_REQUIREMENT_.
Give the listing again character for character, but drop the images.

_RAW DATA_.
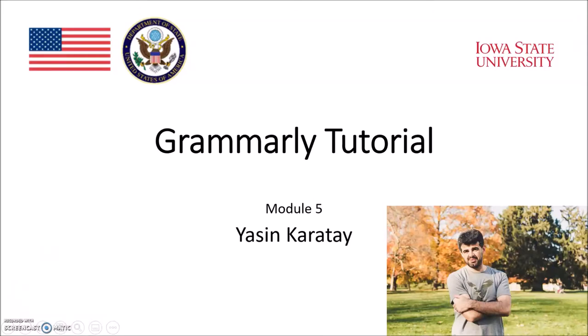Hello everyone, my name is Yasin Kalatay. I'm a PhD student in applied linguistics and technology program. In this tutorial, I will demonstrate how to create an account in Grammarly and use its free version for module 5 major assignment. Let's get started.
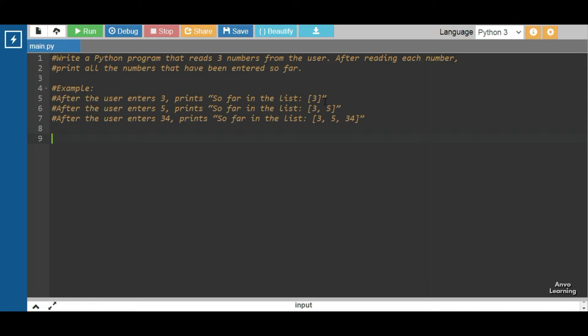If the user then inputs five, then we have three, five in the list. Similarly, if the user inputs another number, it will also have to show that number is included in the list. Let's see how we can solve it. First I'm solving it, then I will explain.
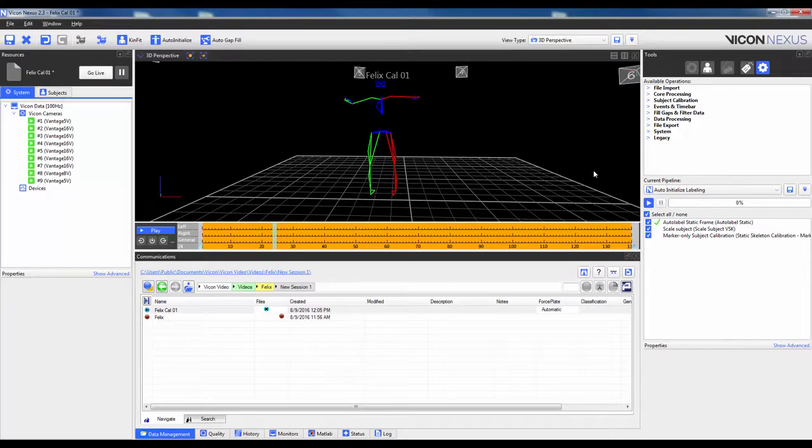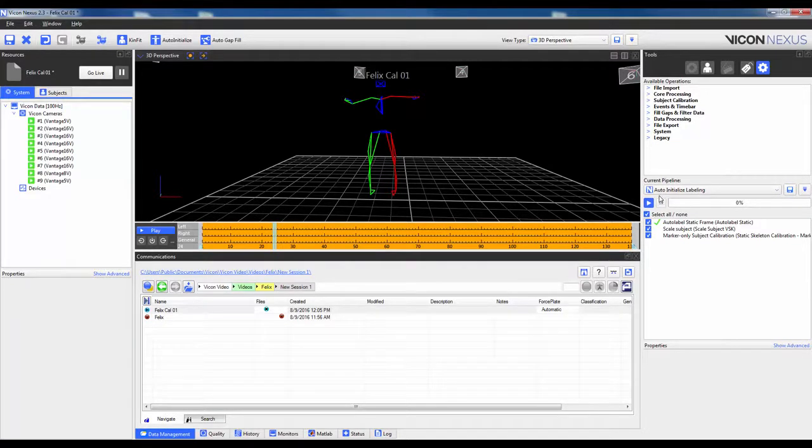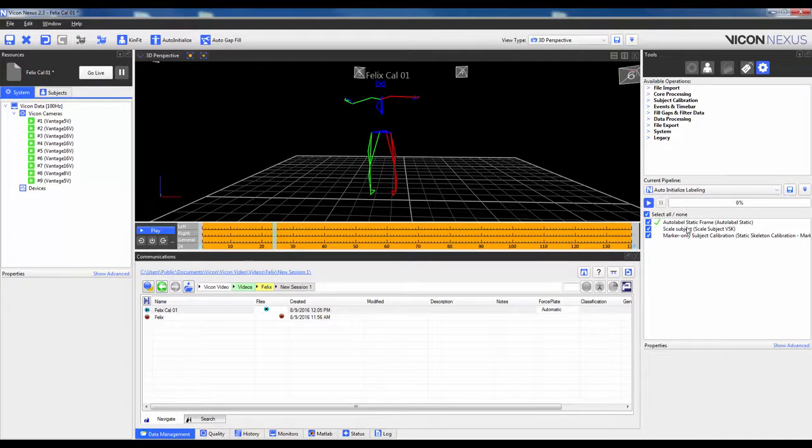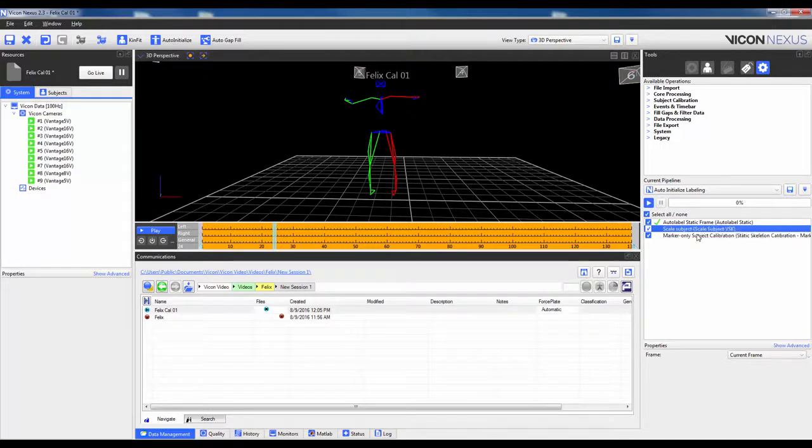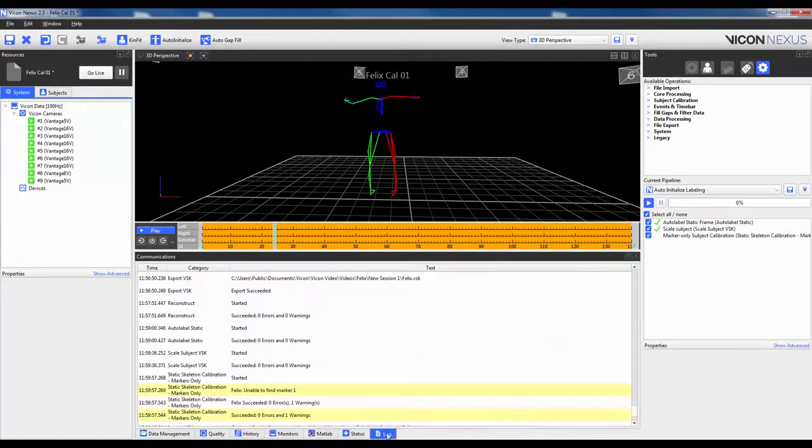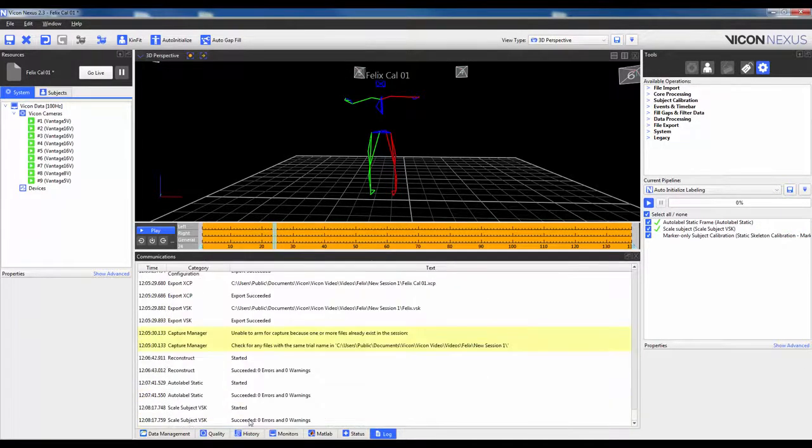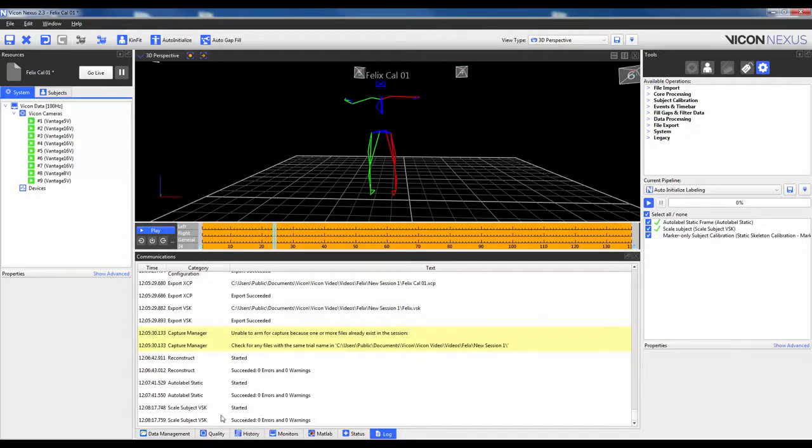The next operation is to scale the subject. This compares the current subject to the generic template and helps to scale the size of the subject using a single value. So right-click and run Selected Up. You won't actually see anything here, but if I go to the log, I can scroll down and you can actually see that it has started and it was successful.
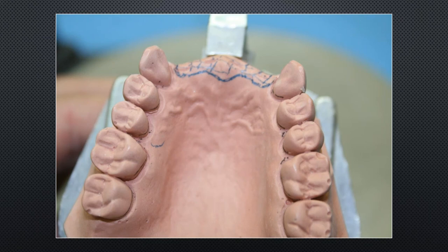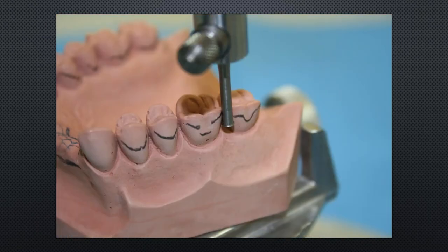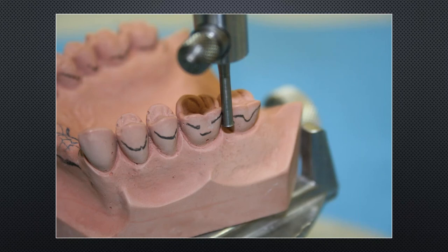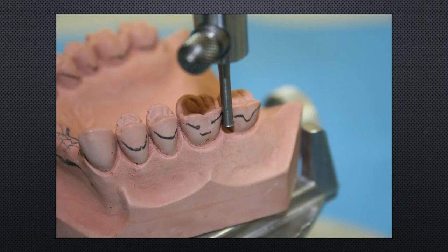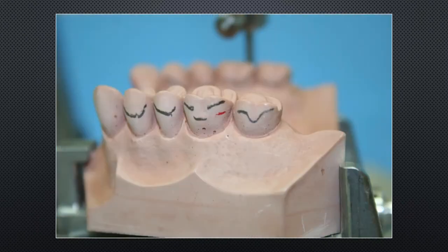Step one is to outline the edentulous area. Then, using the 0.25mm undercut gauge — which every surveyor comes with and covers 90% of chromium cobalt clasp situations — mark the terminal end of the retentive clasp. For example, on the distal buccal of tooth 1.6 (tooth #3 in universal numbering), a 0.25mm undercut is marked with a red pencil.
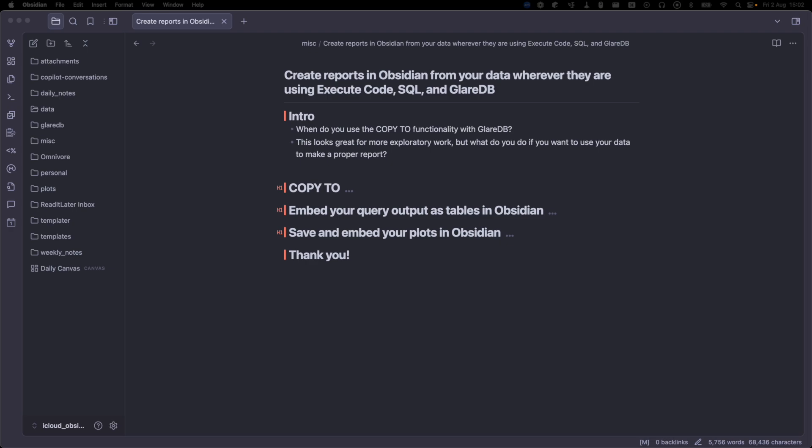Hey, we got a ton of great feedback on our last video showing how you can use SQL to query your data in Obsidian from almost anywhere with the ExecuteCode plugin, Python, and GlareDB. In this video, I wanted to address a few of the questions I've gotten.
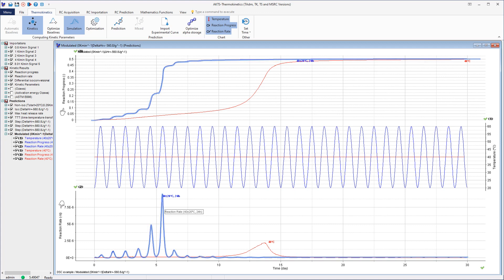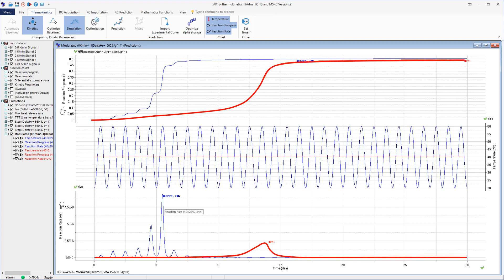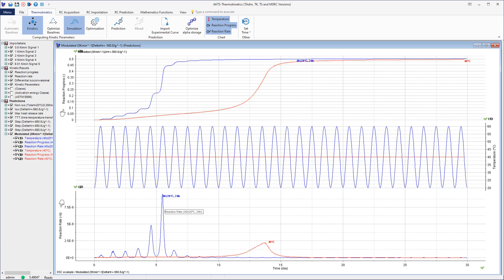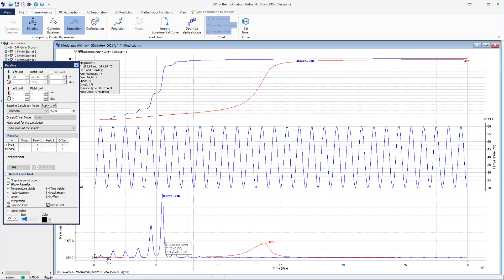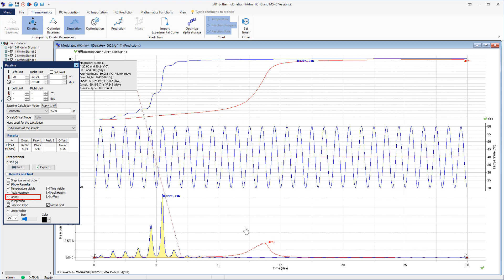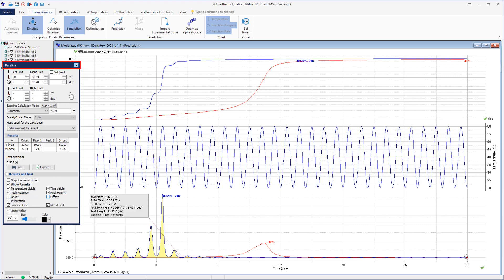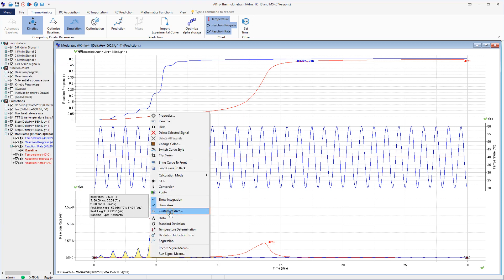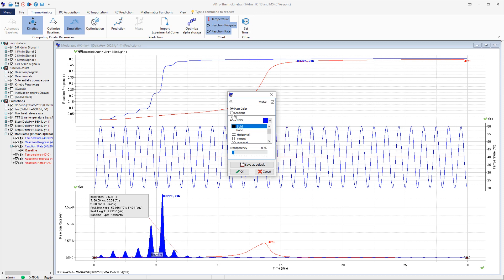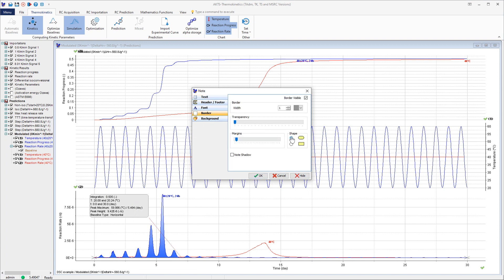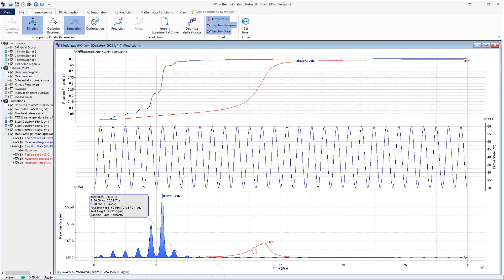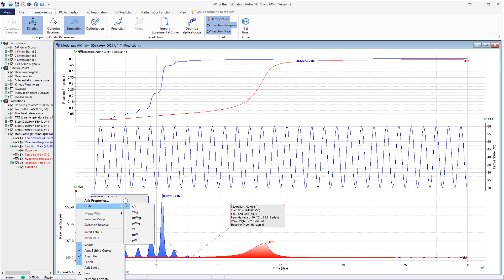The signals at modulated temperature are displayed in blue and at isothermal temperature in red. It is always possible to evaluate the heat flow signals as desired. The window allowing baseline construction is displayed after clicking on the reaction rate x-axis. The input of the left and right integration limits, either temperature or time, of the baseline can be specified. After clicking on Customize Area, the user can change the appearance of the displayed peaks. The appearance of the isothermal heat flow signal at 40 degrees Celsius can be customized similarly.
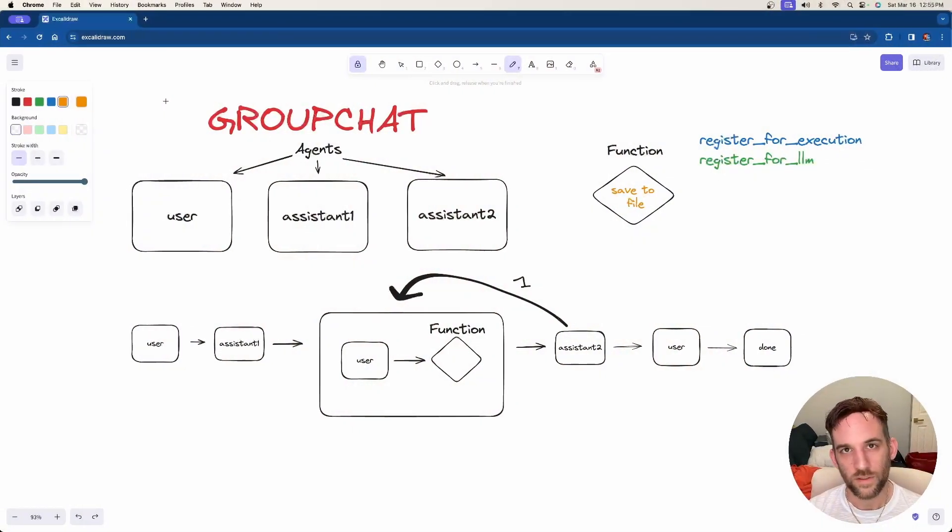Hey, and welcome back to day 18 of the 31 day challenge. Today we're going to go over function calling. I'm going to go over a diagram, explain it, and then we'll go through the code and go through an example.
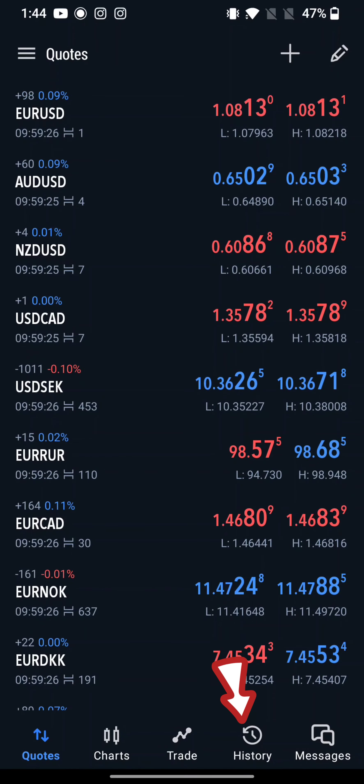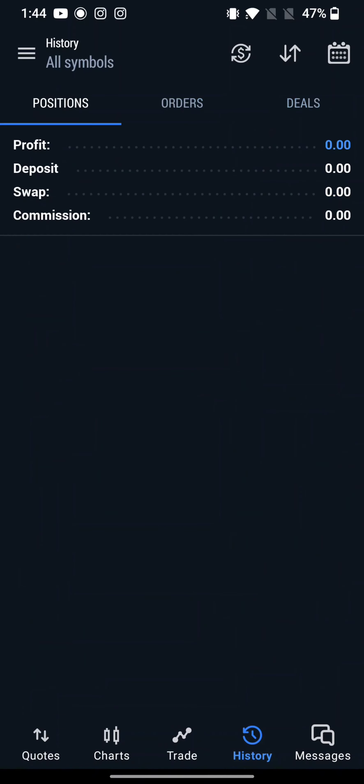Tap on the History tab at the bottom of the screen. On the History tab, there are three sections: Orders, Deals, and Positions. You can simply tap on them to switch between them. To delete a specific order, deal, or position...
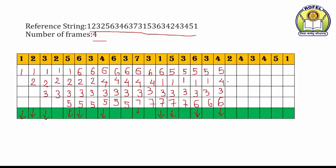Now 2 — 2 ke liye kis ko replace karenge. 4 abhi use hua hai, then 3, then 6, then 3, then 5. Oldest kaunsa hai — page 5 hai. Just replace page 5 with page number 2. Frames: 4, 3, 6, 2. Least recently used ka matlab kya hai — jo page sabse pahle aa chuka hai, sabse purana page hoga in mein se, usi ko aap replace kar do. Then 4 — 4 is already in the memory, no page fault. 3 bhi page hai — no page fault.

_ANSWER TO THE PROBLEM_.
Hello everyone, my name is Yasin Kalatay. I'm a PhD student in applied linguistics and technology program. In this tutorial, I will demonstrate how to create an account in Grammarly and use its free version for module 5 major assignment. Let's get started.
If the user then inputs five, then we have three, five in the list. Similarly, if the user inputs another number, it will also have to show that number is included in the list. Let's see how we can solve it. First I'm solving it, then I will explain.
The next operation is to scale the subject. This compares the current subject to the generic template and helps to scale the size of the subject using a single value. So right-click and run Selected Up. You won't actually see anything here, but if I go to the log, I can scroll down and you can actually see that it has started and it was successful.
Step one is to outline the edentulous area. Then, using the 0.25mm undercut gauge — which every surveyor comes with and covers 90% of chromium cobalt clasp situations — mark the terminal end of the retentive clasp. For example, on the distal buccal of tooth 1.6 (tooth #3 in universal numbering), a 0.25mm undercut is marked with a red pencil.
Hey, we got a ton of great feedback on our last video showing how you can use SQL to query your data in Obsidian from almost anywhere with the ExecuteCode plugin, Python, and GlareDB. In this video, I wanted to address a few of the questions I've gotten.
The signals at modulated temperature are displayed in blue and at isothermal temperature in red. It is always possible to evaluate the heat flow signals as desired. The window allowing baseline construction is displayed after clicking on the reaction rate x-axis. The input of the left and right integration limits, either temperature or time, of the baseline can be specified. After clicking on Customize Area, the user can change the appearance of the displayed peaks. The appearance of the isothermal heat flow signal at 40 degrees Celsius can be customized similarly.
Hey, and welcome back to day 18 of the 31 day challenge. Today we're going to go over function calling. I'm going to go over a diagram, explain it, and then we'll go through the code and go through an example.
Tap on the History tab at the bottom of the screen. On the History tab, there are three sections: Orders, Deals, and Positions. You can simply tap on them to switch between them. To delete a specific order, deal, or position...
Now 2 — 2 ke liye kis ko replace karenge. 4 abhi use hua hai, then 3, then 6, then 3, then 5. Oldest kaunsa hai — page 5 hai. Just replace page 5 with page number 2. Frames: 4, 3, 6, 2. Least recently used ka matlab kya hai — jo page sabse pahle aa chuka hai, sabse purana page hoga in mein se, usi ko aap replace kar do. Then 4 — 4 is already in the memory, no page fault. 3 bhi page hai — no page fault.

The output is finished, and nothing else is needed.